My driving went way down during the pandemic, but it's probably a better normal metric to measure my routine before a global anamloly.

>600 a year on car washes?

I was being very generous there to prove a point. I don't do a car wash monthly and I don't get the highest tier of car wash either.

Even the "stupidest" spending on my car for daily travel and I don't come within a stone's throw of justifying taxis, financially speaking save on.

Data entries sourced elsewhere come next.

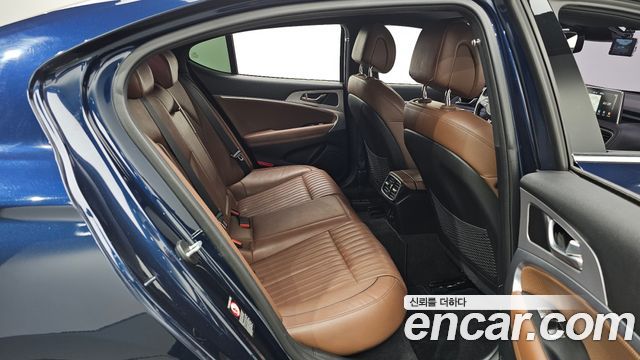 Genesis G70 2.0T Supreme 2018 — фото 12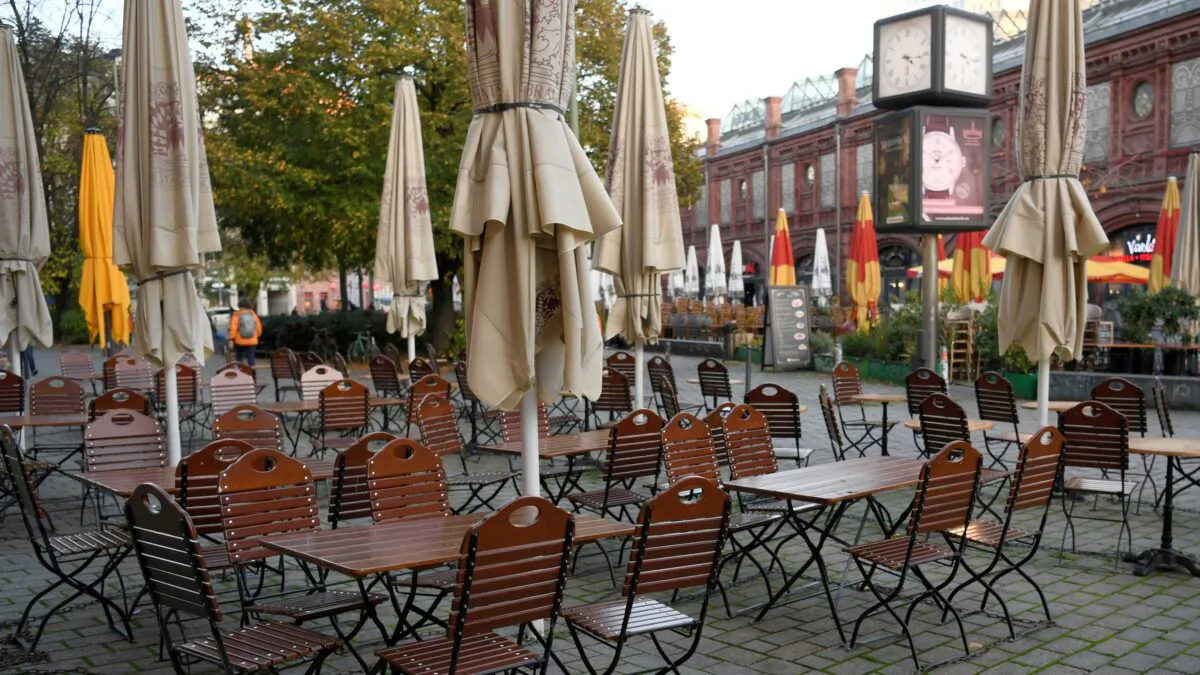 Empty chairs and tables are pictured on the first day of the temporary closing of restaurants, as the spread of coronavirus disease (COVID-19) continues in Berlin, Germany, on Nov. 2, 2020. (Annegret Hilse/Reuters)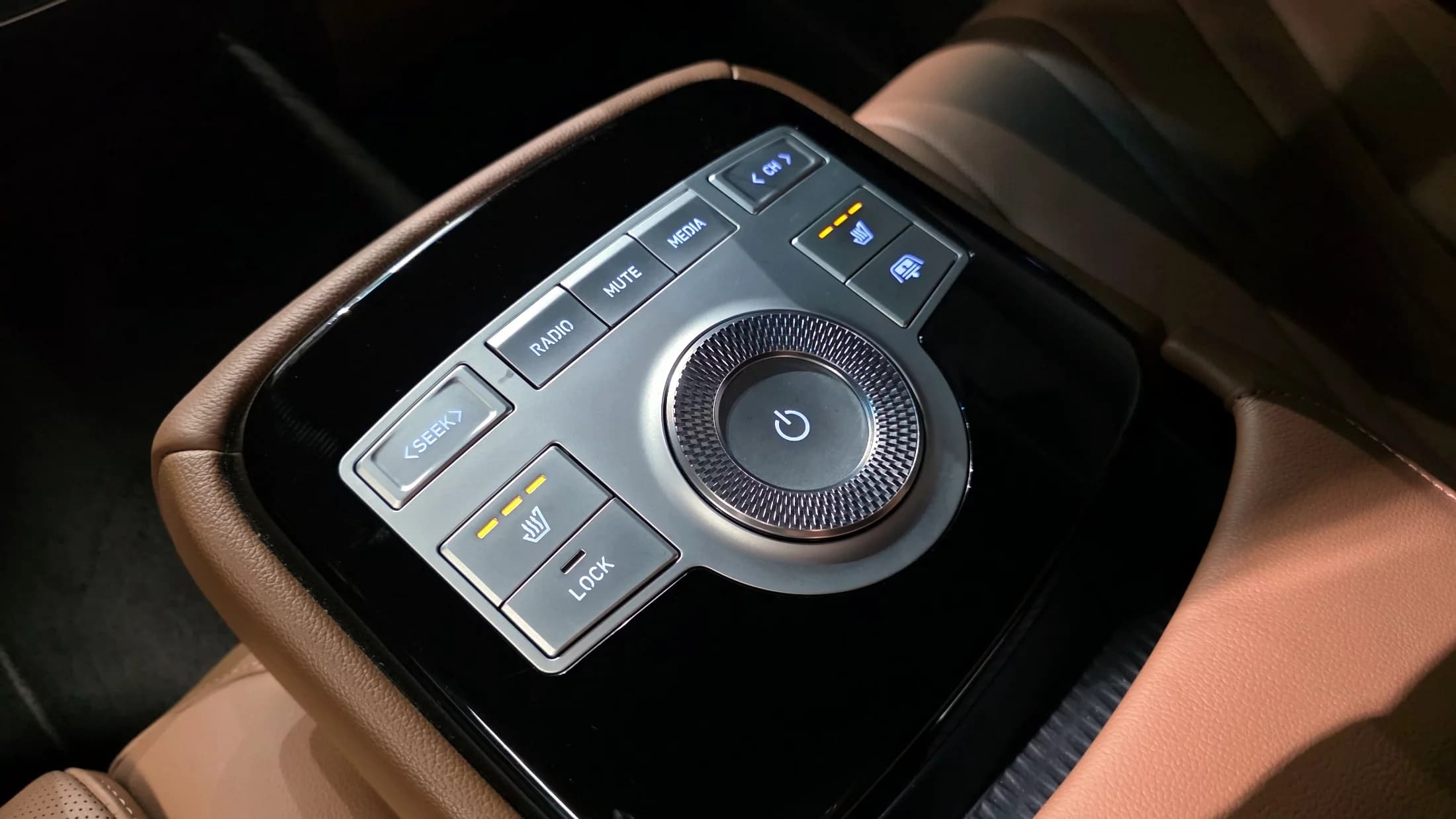 Genesis G80 Gasoline 3.5 Turbo AWD, 2022 г. 53789 км. — фото 18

You can't park your own car at the airport safely and economically for a two week trip.
yeah, That's the only time I really consider Uber, when doing long term travel and parking costs/risks outweigh the cost of a taxi.
owning a car in sf is miserable, i lasted 1 year
> Like I will easily pay a premium

which would probably be the same as Uber after tip

It's pedantic to most, I'm sure. Just FYI, though, antisocial is to be opposed to society - like Timothy McVeigh. Asocial is probably what you're looking for.
You're not just being pedantic, you're also wrong [0][1][2][3]. Their usage is 100% standard and is encoded in every dictionary I can find, and etymonline lists it as the original definition dating back to 1797 [4], with "hostile to social order or norms" first recorded a few years later.

[0] https://www.dictionary.com/browse/antisocial

[1] https://www.merriam-webster.com/dictionary/antisocial

[2] https://dictionary.cambridge.org/dictionary/english/antisoci...

[3] https://www.collinsdictionary.com/us/dictionary/english/anti...

[4] https://www.etymonline.com/word/antisocial

Usage seems different between US and UK. I didn't understand ASBOs at first since I thought "what's wrong with teens wanting some alone time?"
To be extra pedantic, I believe you meant Ted Kaczynski.

Timothy McVeigh was trying to make the US government pay for specific things it did to "his people"; Ted Kaczynski was lashing out at the industrialised world after living in isolation in his cabin in the woods.

IMO, Anti-social is defined in context of and from the perspective of the dominant social structure.

Both individuals and groups who are in opposition and sufficiently disruptive are anti-social, hence the distinction.

Asocial = a loner

Anti-social = against society, either as an individual or group.